Julien Martinière adapte le roman de Joseph Ponthus, À la ligne, témoignage cathartique du quotidien d’un ouvrier intérimaire dans une conserverie de poissons et un abattoir. Un hommage réussi à une œuvre qui continue d’inspirer.

C’est un roman qui a marqué l’année 2019 et ceux qui l’ont lu. Un livre rare, d’abord pour sa forme faite de vers libres, sans aucune ponctuation et dans une syntaxe virevoltante. Ensuite pour son histoire : celle de Joseph Ponthus, un trentenaire lettré qui file en Bretagne pour suivre sa femme et qui, pour gagner sa vie, accepte de travailler en tant qu’intérimaire dans une conserverie de poissons, puis dans un abattoir. Tout ce qu’il va voir et ressentir, il va le consigner sur Facebook.
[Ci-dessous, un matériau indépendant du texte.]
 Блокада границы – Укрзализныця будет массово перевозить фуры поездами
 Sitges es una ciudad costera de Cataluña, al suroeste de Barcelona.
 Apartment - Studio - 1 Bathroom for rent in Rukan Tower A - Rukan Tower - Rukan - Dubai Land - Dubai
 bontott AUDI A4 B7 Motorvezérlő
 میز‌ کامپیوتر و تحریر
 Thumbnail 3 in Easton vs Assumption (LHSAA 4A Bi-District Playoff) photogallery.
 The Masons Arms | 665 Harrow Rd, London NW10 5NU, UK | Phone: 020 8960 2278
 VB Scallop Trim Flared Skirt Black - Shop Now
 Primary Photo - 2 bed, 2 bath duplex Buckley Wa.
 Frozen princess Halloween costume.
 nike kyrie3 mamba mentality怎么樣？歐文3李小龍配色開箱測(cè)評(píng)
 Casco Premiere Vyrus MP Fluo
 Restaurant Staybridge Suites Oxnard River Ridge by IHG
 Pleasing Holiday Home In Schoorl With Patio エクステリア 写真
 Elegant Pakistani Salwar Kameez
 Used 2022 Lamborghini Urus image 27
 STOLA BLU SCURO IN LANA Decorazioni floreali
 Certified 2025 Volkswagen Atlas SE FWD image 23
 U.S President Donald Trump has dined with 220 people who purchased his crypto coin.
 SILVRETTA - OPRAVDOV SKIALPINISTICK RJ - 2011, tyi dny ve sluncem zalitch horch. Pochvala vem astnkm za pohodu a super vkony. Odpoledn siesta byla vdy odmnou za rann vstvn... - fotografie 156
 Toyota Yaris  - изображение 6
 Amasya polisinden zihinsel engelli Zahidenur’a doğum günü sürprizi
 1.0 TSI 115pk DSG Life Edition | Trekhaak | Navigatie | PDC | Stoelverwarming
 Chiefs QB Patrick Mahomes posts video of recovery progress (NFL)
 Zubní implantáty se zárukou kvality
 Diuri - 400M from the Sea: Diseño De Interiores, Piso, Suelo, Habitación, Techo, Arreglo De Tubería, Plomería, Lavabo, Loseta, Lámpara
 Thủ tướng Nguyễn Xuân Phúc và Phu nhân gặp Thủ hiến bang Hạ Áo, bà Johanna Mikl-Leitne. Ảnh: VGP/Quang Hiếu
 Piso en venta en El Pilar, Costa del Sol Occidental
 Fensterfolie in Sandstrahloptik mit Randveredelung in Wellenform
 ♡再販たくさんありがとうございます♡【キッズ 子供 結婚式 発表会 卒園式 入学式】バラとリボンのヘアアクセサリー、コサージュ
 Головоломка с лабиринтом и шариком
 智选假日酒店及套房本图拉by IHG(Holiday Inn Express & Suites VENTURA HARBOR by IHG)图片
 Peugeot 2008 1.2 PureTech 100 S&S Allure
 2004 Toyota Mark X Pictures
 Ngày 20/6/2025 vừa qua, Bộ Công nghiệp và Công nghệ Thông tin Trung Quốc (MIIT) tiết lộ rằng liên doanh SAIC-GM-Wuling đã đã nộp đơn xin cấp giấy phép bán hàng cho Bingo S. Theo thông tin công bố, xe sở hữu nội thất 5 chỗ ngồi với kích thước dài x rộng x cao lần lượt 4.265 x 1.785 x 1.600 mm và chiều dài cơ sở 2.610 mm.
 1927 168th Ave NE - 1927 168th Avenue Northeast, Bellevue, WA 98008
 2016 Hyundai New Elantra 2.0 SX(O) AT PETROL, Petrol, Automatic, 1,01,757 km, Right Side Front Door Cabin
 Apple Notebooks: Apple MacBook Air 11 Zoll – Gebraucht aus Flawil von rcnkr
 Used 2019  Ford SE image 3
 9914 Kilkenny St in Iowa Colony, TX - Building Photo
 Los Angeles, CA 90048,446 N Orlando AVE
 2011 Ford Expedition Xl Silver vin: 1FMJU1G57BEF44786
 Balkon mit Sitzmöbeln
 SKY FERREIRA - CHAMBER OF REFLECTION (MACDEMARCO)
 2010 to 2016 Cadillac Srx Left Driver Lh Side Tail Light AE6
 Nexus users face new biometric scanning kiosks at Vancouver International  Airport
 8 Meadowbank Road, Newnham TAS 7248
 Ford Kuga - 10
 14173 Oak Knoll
Comme ça, juste pour tenir le coup. Une fois relié, ce témoignage, à la fois cru et poétique, calé sur le rythme des machines, va laisser bouche bée les critiques, gagner de nombreux prix et collectionner les louanges, comme lors de l’émission La Grande Librairie qui se réjouit d’assister à «la naissance d’un grand écrivain». Au bout, 175 000 exemplaires vendus.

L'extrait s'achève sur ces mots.